Aber nicht nur wegen der anhaltenden Proteste hat er Probleme, sondern auch, weil die Ungarn unter der Inflation leiden. Trotz staatlicher Preisbegrenzungen für lebensnotwendige Güter ist die Inflation erstmals seit 20 Jahren zweistellig, und der Gulden fällt. Auch das Geld aus Brüssel, mit dem Orban gerne Steuergeschenke verteilte, fließt nicht.

Der Grund liegt im Streit der Regierung mit der EU-Kommission über die Auszahlung der CoV-Wiederaufbaufondsmittel. Für Ungarn waren zunächst 7,2 Milliarden Euro budgetiert. Allerdings drosselt die EU die Hilfe wegen fehlender Antikorruptionsmaßnahmen und verfassungsrechtlicher Probleme in Ungarn. Und die Kommission hat den Druck zuletzt deutlich erhöht. Sie hat kürzlich beschlossen, den EU-Gerichtshof wegen des umstrittenen Gesetzes über LGBTQ-Personen zu verklagen. Das Gesetz diskriminiere Menschen aufgrund ihrer sexuellen Orientierung und Geschlechtsidentität, so die Kommission.

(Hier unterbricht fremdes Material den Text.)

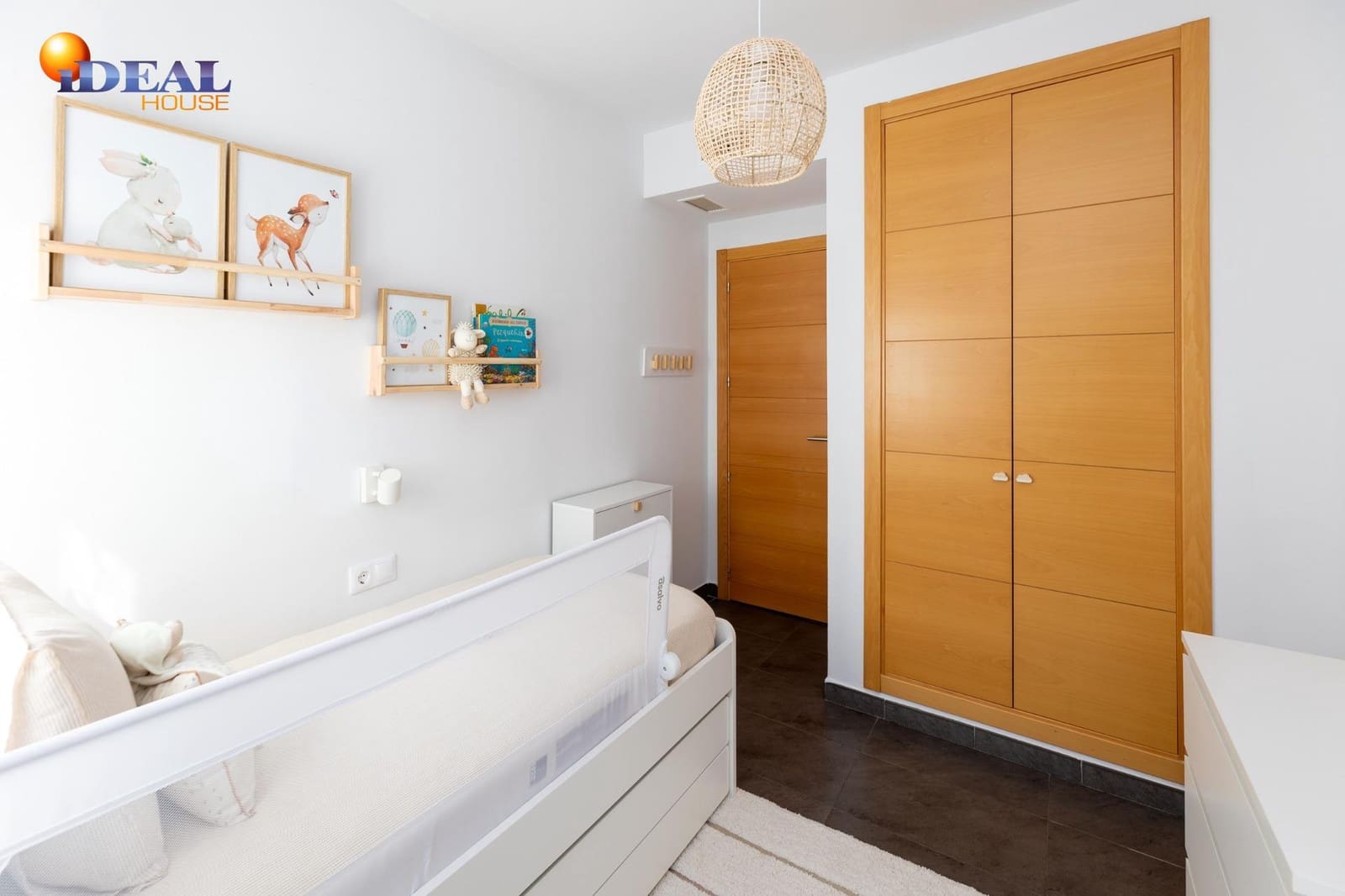 2 bedroom Flat for sale in Alhendin with pool garage - € 250,000 (Ref: 9434467)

Eine zweite Klage vor einem EU-Gericht in Luxemburg richtet sich gegen die Weigerung Ungarns, eine Sendelizenz für den regierungsfeindlichen Sender Klubradio zu erteilen. Auch im Streit um unterschiedliche Kraftstoffpreise für in- und ausländische Fahrzeuge ging die Kommission gerichtlich vor.

Wenig Fortschritt

Für die ungarische Regierung laufen die Verhandlungen mit Brüssel über Zahlungen gut. Die Kommission reagiert auf die Vorschläge Ungarns, heißt es in der offiziellen Mitteilung von Orbans Stabschef Gergely Gulyas. Auf Nachfrage von ORF.at sieht die EU-Kommission vor allem bei der Korruptionsbekämpfung noch einige offene Punkte.

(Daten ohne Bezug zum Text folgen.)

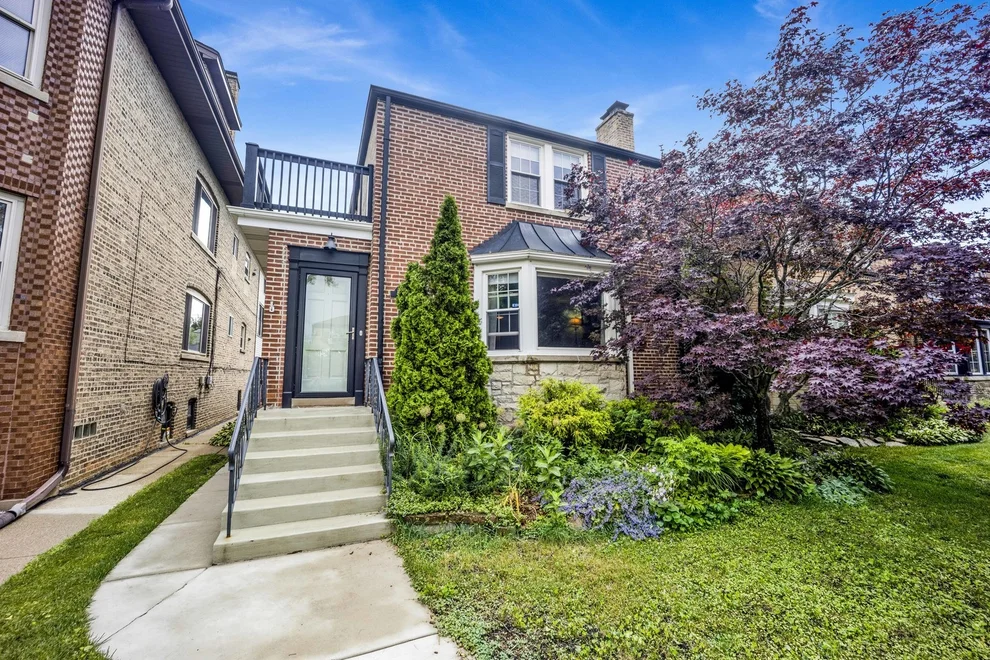 Unit for sale at 6043 N Keeler Avenue, Chicago, IL 60646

Wegen der angeblichen Missachtung europäischer Grundwerte wird zudem ein Verfahren nach Artikel 7 der EU-Verträge gegen das Land eingeleitet. Zudem hat die EU-Kommission den Rechtsstaatsmechanismus gegen Ungarn aktiviert, das mit Kürzungen von EU-Geldern droht. In ihrem neuen Rechtsstaatsbericht stellt die Behörde zudem neue gravierende Defizite bei Demokratie und Grundrechten fest. Die in der Krise erwarteten Milliarden aus Brüssel sind daher nicht in Sicht.